Up to and including the line with "Moradia T3 para Venda em Odivelas Foto 4", copy the records below exactly from their first line.

- Items listed in a dataset -
────────────────────────────────────────

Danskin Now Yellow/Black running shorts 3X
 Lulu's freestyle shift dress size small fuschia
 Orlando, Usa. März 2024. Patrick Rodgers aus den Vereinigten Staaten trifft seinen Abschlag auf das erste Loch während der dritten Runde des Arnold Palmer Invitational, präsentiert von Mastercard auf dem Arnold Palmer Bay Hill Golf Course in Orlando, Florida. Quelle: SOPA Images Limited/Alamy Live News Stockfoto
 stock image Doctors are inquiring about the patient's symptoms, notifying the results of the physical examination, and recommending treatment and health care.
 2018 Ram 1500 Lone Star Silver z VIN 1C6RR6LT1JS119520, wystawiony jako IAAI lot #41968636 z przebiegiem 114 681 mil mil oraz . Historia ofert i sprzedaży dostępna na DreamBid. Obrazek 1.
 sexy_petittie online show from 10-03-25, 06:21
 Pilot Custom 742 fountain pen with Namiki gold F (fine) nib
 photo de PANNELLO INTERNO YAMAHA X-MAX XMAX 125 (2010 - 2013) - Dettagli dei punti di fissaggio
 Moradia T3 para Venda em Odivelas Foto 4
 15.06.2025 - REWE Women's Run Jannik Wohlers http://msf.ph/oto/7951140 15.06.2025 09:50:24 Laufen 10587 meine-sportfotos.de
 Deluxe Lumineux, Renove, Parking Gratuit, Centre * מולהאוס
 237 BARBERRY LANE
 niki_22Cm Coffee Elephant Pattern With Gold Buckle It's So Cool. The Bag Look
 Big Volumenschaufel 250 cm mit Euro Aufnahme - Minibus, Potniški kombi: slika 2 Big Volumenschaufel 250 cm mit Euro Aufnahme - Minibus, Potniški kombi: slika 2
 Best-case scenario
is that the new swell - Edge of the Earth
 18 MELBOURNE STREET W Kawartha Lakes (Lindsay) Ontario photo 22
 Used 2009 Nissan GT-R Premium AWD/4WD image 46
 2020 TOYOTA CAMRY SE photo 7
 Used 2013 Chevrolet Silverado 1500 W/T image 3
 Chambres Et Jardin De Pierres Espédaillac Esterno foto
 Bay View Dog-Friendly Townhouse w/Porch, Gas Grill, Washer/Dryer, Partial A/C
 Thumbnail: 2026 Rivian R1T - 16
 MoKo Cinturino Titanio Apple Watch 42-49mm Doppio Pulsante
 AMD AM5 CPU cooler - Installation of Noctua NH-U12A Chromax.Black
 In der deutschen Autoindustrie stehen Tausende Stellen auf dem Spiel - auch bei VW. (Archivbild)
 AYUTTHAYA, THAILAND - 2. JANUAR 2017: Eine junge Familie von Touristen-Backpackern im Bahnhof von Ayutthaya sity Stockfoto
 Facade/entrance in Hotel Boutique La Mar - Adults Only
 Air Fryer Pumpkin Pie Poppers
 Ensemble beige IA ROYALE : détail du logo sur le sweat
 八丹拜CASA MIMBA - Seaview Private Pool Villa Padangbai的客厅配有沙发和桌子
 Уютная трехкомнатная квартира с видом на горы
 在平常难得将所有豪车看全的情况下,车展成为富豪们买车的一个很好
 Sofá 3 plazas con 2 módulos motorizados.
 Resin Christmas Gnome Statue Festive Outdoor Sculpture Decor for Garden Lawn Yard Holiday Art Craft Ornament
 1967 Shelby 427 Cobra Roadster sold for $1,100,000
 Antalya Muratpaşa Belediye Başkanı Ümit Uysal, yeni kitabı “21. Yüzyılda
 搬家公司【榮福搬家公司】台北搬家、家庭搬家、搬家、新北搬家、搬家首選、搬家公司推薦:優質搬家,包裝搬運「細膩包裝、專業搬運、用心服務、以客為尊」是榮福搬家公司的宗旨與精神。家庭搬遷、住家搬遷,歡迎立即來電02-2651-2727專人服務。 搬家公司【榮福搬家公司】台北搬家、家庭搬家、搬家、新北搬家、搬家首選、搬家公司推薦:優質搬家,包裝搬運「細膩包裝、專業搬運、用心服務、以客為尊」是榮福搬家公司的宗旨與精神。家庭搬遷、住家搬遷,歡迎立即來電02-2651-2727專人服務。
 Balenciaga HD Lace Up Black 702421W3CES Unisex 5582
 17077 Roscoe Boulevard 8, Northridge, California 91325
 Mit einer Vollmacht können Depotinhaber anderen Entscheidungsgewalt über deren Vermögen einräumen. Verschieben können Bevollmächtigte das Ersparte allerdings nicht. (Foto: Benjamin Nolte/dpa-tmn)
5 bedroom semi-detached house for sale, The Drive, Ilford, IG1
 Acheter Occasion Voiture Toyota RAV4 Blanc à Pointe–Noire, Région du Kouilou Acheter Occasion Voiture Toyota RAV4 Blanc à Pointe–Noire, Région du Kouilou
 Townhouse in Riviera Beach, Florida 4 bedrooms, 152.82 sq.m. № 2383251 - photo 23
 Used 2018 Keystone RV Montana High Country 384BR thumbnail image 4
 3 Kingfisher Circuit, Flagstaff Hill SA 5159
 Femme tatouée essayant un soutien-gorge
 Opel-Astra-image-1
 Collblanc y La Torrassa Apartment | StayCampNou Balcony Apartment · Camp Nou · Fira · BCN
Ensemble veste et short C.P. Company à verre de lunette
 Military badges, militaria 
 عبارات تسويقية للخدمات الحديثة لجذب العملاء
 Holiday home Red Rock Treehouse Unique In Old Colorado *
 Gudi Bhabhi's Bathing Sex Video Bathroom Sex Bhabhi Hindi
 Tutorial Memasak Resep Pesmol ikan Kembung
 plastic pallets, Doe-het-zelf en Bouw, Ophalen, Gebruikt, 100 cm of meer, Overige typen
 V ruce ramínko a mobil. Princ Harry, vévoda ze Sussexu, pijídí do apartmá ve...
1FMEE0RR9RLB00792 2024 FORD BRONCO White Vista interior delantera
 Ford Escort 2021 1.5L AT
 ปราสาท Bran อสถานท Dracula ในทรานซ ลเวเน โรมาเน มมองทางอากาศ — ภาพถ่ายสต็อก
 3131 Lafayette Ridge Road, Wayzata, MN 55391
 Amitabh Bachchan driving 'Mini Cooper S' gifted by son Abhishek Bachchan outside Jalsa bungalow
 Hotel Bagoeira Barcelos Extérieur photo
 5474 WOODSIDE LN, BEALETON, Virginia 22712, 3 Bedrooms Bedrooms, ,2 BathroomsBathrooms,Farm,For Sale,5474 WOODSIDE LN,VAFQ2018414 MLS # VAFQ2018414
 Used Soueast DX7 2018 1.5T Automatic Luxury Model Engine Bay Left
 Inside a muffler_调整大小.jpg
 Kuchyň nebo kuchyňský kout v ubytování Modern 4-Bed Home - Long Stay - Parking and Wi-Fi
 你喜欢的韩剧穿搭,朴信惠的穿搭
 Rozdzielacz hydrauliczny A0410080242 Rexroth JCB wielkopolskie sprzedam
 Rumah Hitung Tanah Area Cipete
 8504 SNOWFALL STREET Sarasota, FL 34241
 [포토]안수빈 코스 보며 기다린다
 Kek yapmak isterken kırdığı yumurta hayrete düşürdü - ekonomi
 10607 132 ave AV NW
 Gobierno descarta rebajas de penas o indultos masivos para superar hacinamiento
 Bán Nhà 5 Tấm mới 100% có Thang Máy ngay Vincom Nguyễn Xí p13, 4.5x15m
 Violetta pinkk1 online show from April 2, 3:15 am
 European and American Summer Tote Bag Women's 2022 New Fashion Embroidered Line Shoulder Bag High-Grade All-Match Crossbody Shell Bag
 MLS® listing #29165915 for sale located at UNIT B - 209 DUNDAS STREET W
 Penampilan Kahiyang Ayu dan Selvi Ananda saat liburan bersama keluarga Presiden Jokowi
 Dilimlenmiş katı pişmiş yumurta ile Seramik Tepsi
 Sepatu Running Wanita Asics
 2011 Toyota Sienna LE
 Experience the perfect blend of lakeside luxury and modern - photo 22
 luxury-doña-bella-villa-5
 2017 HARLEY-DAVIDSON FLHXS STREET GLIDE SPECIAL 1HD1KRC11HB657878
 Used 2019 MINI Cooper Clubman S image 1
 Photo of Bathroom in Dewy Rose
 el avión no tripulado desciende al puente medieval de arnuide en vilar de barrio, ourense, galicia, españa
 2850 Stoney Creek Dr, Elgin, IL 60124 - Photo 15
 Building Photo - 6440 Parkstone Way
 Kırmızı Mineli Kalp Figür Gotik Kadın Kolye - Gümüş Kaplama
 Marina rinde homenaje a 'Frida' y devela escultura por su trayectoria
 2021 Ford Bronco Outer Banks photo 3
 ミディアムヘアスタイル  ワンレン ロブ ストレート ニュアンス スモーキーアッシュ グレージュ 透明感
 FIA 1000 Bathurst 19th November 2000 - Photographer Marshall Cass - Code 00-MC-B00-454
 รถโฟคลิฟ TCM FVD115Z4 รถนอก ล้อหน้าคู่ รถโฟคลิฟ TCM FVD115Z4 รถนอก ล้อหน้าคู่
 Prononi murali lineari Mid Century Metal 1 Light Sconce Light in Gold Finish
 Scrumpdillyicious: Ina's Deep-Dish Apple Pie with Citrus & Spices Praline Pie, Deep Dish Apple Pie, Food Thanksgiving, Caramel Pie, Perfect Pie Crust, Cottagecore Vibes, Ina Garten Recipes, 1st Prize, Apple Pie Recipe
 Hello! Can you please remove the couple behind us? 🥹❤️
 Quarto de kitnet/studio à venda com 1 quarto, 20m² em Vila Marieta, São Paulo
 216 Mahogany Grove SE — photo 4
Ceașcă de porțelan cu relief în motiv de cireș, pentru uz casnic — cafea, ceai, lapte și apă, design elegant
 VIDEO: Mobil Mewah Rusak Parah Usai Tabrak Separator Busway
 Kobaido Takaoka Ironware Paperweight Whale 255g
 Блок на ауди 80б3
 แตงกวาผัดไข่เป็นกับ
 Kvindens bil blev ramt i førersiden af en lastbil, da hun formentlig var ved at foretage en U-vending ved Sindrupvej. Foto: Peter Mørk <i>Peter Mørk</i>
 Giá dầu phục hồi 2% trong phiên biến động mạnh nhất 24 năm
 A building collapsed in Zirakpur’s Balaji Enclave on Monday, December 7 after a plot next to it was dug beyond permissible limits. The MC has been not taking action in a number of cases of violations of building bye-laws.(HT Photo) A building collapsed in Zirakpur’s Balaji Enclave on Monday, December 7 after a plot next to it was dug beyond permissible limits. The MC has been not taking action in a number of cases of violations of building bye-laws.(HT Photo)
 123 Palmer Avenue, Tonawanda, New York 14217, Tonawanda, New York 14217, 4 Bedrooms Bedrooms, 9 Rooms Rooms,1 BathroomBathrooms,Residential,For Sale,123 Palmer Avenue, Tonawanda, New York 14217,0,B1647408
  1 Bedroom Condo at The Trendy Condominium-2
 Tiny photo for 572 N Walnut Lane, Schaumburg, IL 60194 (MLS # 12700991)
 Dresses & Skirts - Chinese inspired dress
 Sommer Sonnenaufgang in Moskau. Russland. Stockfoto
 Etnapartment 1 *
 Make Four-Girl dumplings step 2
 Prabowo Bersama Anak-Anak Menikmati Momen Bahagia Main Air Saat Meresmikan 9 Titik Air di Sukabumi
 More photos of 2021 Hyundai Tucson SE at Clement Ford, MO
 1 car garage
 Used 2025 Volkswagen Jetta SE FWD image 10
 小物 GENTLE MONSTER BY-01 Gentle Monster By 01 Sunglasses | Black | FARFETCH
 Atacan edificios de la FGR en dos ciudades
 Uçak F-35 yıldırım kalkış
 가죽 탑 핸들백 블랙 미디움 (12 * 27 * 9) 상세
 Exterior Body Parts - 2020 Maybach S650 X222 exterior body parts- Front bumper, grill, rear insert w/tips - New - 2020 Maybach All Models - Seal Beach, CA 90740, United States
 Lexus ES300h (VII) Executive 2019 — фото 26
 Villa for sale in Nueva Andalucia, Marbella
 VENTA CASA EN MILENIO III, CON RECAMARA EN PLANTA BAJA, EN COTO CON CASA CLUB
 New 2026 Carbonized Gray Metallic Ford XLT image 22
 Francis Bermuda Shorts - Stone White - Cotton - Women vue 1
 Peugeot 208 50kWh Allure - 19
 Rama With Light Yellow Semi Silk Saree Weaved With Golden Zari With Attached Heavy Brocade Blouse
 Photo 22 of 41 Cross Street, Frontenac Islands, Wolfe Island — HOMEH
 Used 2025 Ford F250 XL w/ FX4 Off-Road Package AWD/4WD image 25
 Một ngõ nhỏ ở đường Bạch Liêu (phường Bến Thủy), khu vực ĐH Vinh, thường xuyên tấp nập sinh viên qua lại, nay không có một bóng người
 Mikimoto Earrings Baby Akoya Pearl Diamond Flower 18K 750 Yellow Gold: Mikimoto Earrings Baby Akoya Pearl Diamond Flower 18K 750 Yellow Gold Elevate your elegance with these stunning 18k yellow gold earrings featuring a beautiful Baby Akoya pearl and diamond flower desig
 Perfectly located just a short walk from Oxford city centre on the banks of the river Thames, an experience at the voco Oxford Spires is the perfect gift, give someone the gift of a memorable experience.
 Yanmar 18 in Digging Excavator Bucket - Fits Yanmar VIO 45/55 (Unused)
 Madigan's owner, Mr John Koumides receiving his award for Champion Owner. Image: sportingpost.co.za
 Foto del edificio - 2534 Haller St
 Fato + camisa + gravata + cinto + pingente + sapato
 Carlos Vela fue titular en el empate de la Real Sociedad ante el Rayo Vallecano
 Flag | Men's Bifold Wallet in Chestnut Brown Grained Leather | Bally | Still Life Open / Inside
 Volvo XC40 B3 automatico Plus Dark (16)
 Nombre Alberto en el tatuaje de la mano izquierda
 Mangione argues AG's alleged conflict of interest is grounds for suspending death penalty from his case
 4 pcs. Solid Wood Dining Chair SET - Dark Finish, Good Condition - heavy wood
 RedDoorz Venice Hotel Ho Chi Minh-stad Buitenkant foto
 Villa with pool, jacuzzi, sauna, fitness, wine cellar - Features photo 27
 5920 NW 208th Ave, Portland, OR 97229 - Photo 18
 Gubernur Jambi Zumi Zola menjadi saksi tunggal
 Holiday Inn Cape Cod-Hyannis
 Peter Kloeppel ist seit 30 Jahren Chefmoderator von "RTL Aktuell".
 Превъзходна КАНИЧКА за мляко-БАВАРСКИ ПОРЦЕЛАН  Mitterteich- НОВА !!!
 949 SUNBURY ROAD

────────────────────────────────────────

- Answer box -
Danskin Now Yellow/Black running shorts 3X
 Lulu's freestyle shift dress size small fuschia
 Orlando, Usa. März 2024. Patrick Rodgers aus den Vereinigten Staaten trifft seinen Abschlag auf das erste Loch während der dritten Runde des Arnold Palmer Invitational, präsentiert von Mastercard auf dem Arnold Palmer Bay Hill Golf Course in Orlando, Florida. Quelle: SOPA Images Limited/Alamy Live News Stockfoto
 stock image Doctors are inquiring about the patient's symptoms, notifying the results of the physical examination, and recommending treatment and health care.
 2018 Ram 1500 Lone Star Silver z VIN 1C6RR6LT1JS119520, wystawiony jako IAAI lot #41968636 z przebiegiem 114 681 mil mil oraz . Historia ofert i sprzedaży dostępna na DreamBid. Obrazek 1.
 sexy_petittie online show from 10-03-25, 06:21
 Pilot Custom 742 fountain pen with Namiki gold F (fine) nib
 photo de PANNELLO INTERNO YAMAHA X-MAX XMAX 125 (2010 - 2013) - Dettagli dei punti di fissaggio
 Moradia T3 para Venda em Odivelas Foto 4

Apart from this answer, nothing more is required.